As the Wolfsberg Group’s statement highlights, in the absence of evidence to confirm the illegitimacy of this activity, reporting all such activity is unlikely to be helpful. In such a case, a risk-based decision must be made. Specifically, the posterior probability of the case being effective in the light of all available evidence should be considered, including the quality of the red flags in question.
If this posterior probability is greater than a threshold as determined by the risk tolerance of the institution, it may make sense to report such cases. Calculating this posterior probability will constitute the evidence that can explain a decision whether to file a suspicious activity report (SAR). Demonstrating this for each SAR that an institution chooses NOT to file, can address the second challenge highlighted by the Wolfsberg group.
9. Synthesizing signals from all available systems is essential to generate higher-quality predictions.
Core AML systems, such as transaction monitoring, Know Your Customer (KYC), customer due diligence (CDD) and sanctions, often operate in silos. To create richer, more meaningful cases, signals from all these systems as external data sources should be synthesized and consolidated.
A particular red flag that might be of low quality in normal circumstances could become highly relevant in the presence of negative news on the entity. A model that captures the causal logic of how all these signals interact can be used to estimate the posterior probability of a case being suspicious given all these signals.
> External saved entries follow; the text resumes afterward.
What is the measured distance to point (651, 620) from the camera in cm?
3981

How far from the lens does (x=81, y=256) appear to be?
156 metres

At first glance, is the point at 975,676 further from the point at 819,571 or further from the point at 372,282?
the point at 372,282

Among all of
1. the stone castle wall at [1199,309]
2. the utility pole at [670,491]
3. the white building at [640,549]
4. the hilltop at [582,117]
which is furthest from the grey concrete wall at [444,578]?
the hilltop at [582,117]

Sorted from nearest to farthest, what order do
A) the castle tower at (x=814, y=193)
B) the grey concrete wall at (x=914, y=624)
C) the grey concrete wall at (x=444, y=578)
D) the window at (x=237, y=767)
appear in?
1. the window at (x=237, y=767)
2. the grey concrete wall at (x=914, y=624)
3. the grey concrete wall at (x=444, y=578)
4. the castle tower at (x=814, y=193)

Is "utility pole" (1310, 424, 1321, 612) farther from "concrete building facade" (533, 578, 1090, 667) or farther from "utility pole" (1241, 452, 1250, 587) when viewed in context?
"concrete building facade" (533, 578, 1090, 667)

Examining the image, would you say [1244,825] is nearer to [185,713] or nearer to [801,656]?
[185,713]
10. Machine learning models are the future, but post hoc model explanations are insufficient.
Machine learning (ML) models represent the future of transaction monitoring. Even large, regulated institutions have replaced rule-based scenarios with ML models. Even when institutions have clean labels and high-performing models, investigating events generated by these models can be challenging.
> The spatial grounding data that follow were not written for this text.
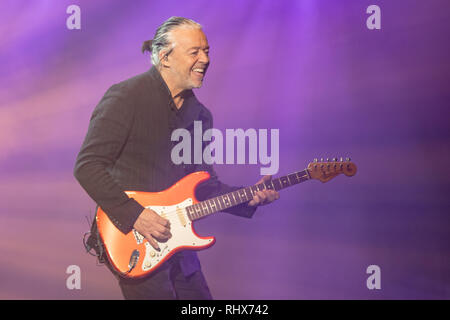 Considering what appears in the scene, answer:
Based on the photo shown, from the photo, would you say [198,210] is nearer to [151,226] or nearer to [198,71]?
[151,226]

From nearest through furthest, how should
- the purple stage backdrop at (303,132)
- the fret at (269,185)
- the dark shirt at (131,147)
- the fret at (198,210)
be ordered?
1. the dark shirt at (131,147)
2. the fret at (198,210)
3. the fret at (269,185)
4. the purple stage backdrop at (303,132)

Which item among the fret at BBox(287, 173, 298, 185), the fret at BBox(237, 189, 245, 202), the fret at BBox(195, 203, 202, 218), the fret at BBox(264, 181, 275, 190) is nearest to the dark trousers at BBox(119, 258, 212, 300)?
the fret at BBox(195, 203, 202, 218)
If an institution develops an ML model based on all available data, it is likely to integrate signals across various risk factors and red flags, making investigations challenging. Therefore, it may be necessary for institutions to clearly state the red flags of interest for a given model up front and only consider those labels when developing a model.
Although post hoc explanation techniques such as LIME or SHAP are available, these only provide feature importances that are very hard for a nontechnical investigator to make sense of.
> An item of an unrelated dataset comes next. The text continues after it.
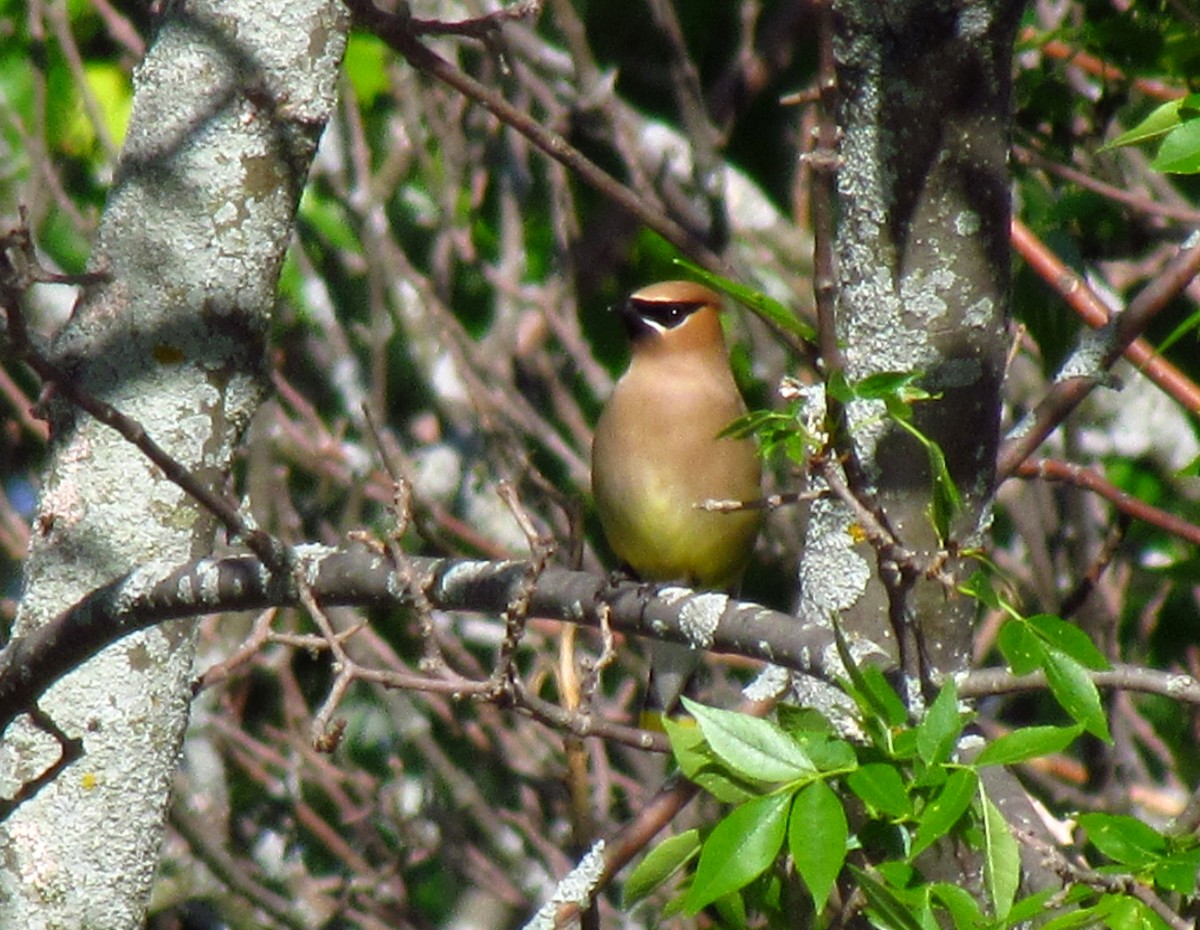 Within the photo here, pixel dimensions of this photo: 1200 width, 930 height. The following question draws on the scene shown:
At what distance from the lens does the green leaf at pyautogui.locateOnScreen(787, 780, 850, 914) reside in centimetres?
167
Further, ML models by design are inductive. They only care about association and not cause. Predictions of ML models or post hoc explanations will not have causal logic, which is essential to answer the “why?” of AML investigations.
This suggests that ML models also have to fit into an institution’s “Theory of Financial Crime.” The theory can then be used to derive the hypotheses an investigator can test when a case gets generated.
Conclusion
The scientific method has transformed humanity in the last 500 years. Applying the scientific method and ideas from probability is key to building an effective, efficient and compliant transaction monitoring system. It offers a systematic and principled approach to make risk- and evidence-based decisions while continually iterating toward a better solution.
I believe the principles laid out here are critical to addressing concerns of financial institutions and regulators.
Govind Nair is a senior product manager at Oracle’s Financial Services Global Industries Unit. He is focused on translating the power and promise of advanced analytics, machine learning and AI into products that financial institutions can use to deter and detect financial crime. Govind has more than 10 years of experience in data science and anti-money laundering.